Records excerpted from a collection:
□ □ □
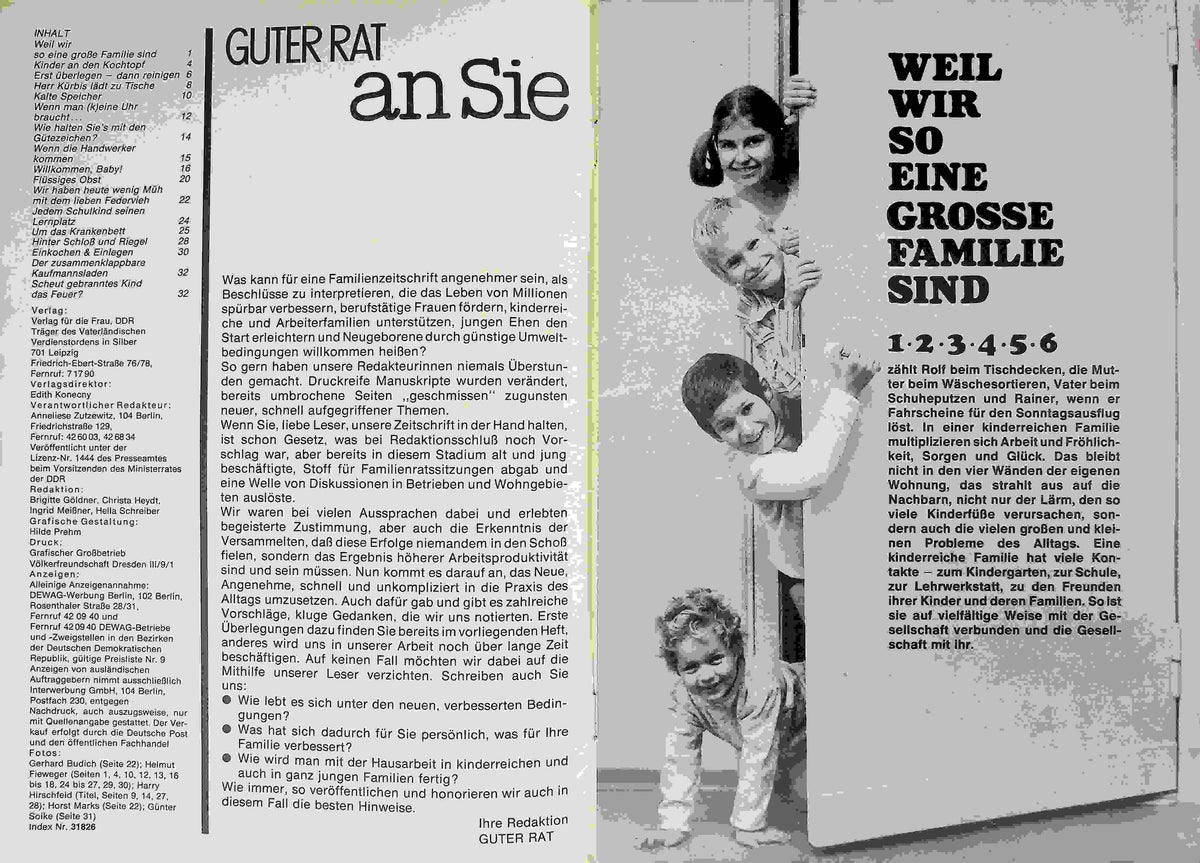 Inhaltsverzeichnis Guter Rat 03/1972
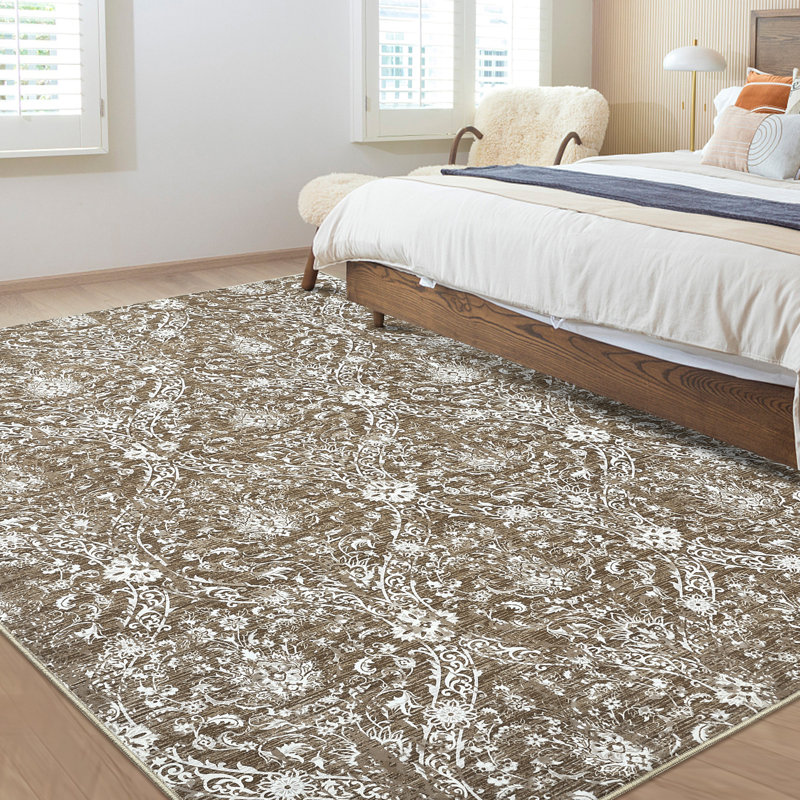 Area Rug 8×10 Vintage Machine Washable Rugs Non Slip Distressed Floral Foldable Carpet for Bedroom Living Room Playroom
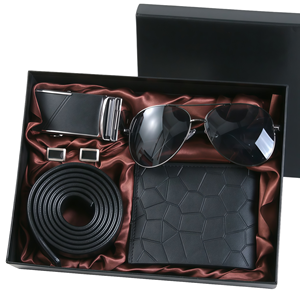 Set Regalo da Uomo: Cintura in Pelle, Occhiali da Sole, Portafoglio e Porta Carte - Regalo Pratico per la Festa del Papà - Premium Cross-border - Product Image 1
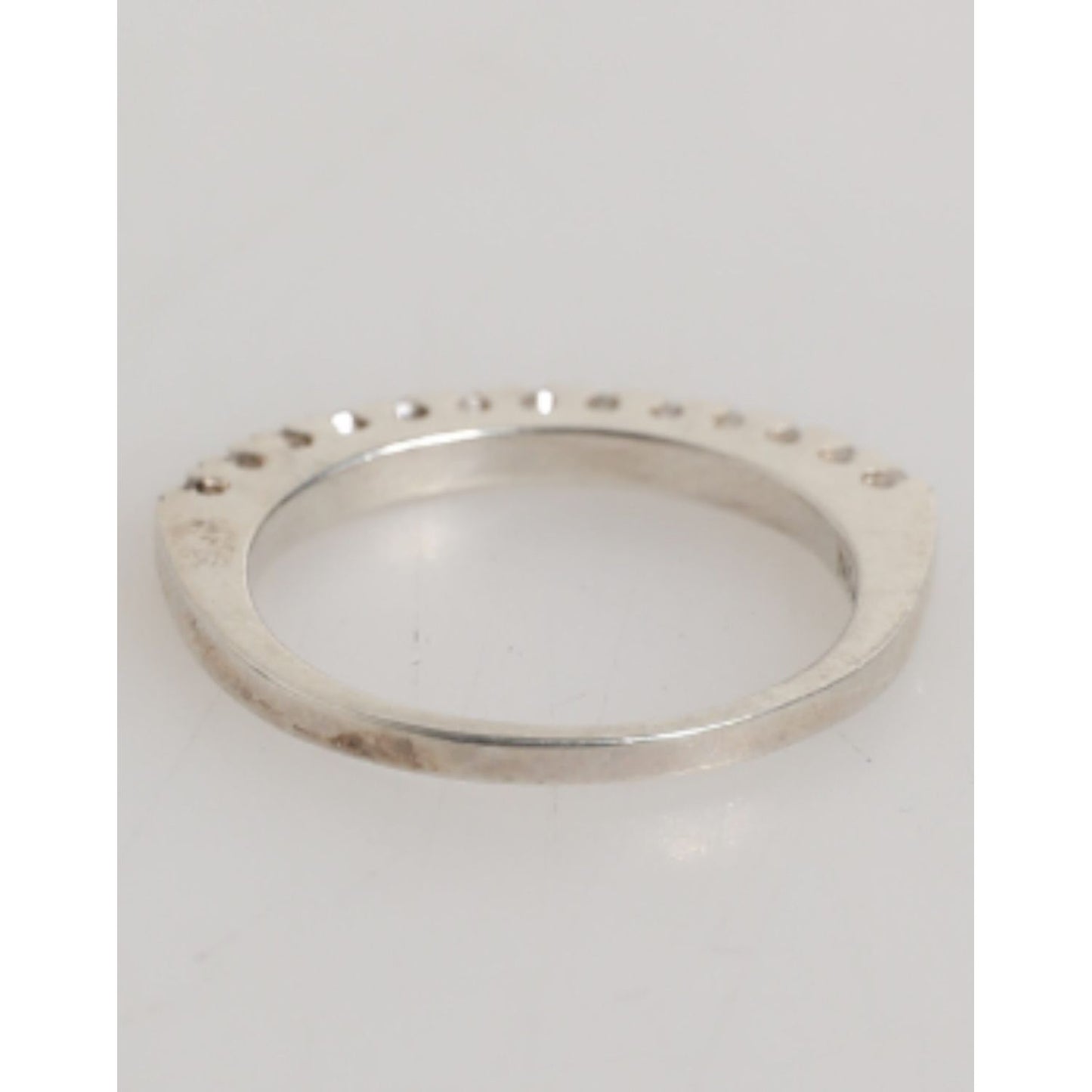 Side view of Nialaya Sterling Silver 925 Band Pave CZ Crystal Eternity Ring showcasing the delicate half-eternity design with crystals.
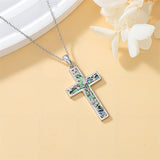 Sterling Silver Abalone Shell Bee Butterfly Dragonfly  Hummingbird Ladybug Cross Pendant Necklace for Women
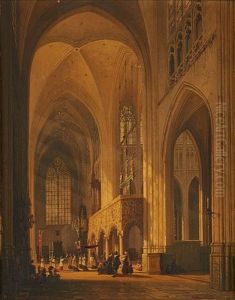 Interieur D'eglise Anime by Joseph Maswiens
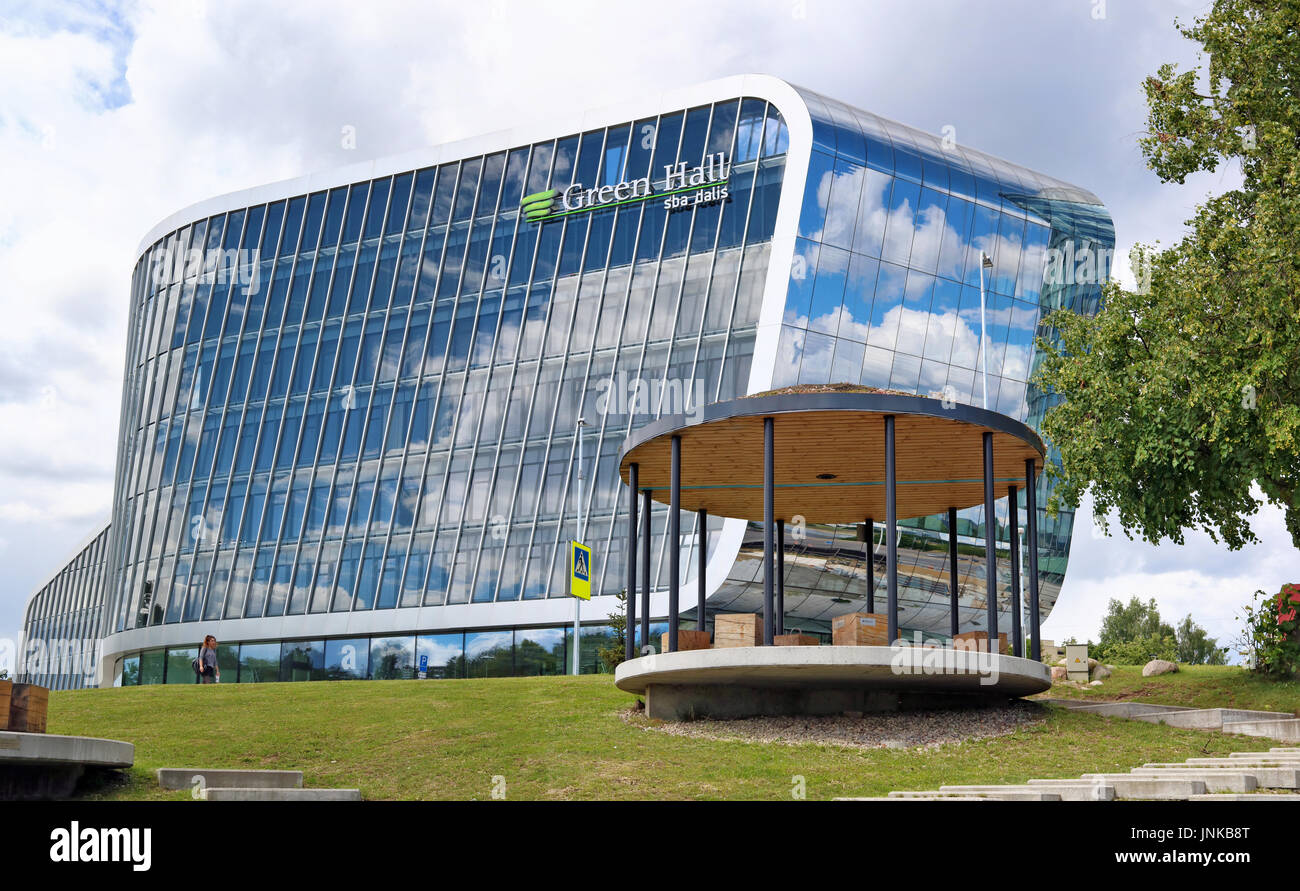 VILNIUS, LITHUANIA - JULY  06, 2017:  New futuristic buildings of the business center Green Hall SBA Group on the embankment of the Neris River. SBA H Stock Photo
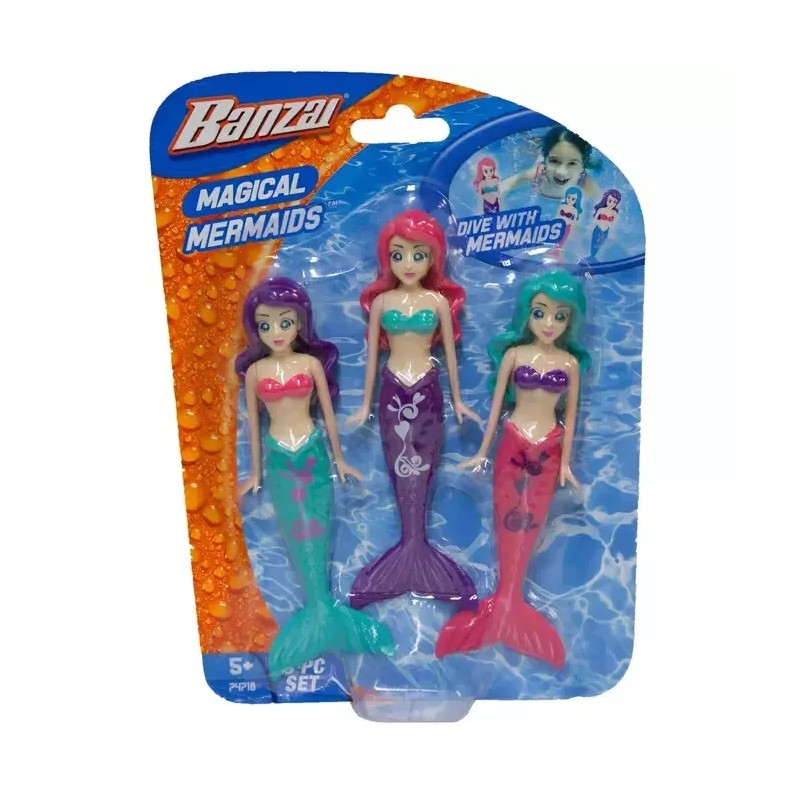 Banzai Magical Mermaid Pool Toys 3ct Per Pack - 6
□ □ □
TO DO: Give back exactly the lines from the one containing "Set Regalo da" through the last line above, both included, and none of the pictures.

ANSWER SPACE:
 Set Regalo da Uomo: Cintura in Pelle, Occhiali da Sole, Portafoglio e Porta Carte - Regalo Pratico per la Festa del Papà - Premium Cross-border - Product Image 1
 Side view of Nialaya Sterling Silver 925 Band Pave CZ Crystal Eternity Ring showcasing the delicate half-eternity design with crystals.
 Sterling Silver Abalone Shell Bee Butterfly Dragonfly  Hummingbird Ladybug Cross Pendant Necklace for Women
 Interieur D'eglise Anime by Joseph Maswiens
 VILNIUS, LITHUANIA - JULY  06, 2017:  New futuristic buildings of the business center Green Hall SBA Group on the embankment of the Neris River. SBA H Stock Photo
 Banzai Magical Mermaid Pool Toys 3ct Per Pack - 6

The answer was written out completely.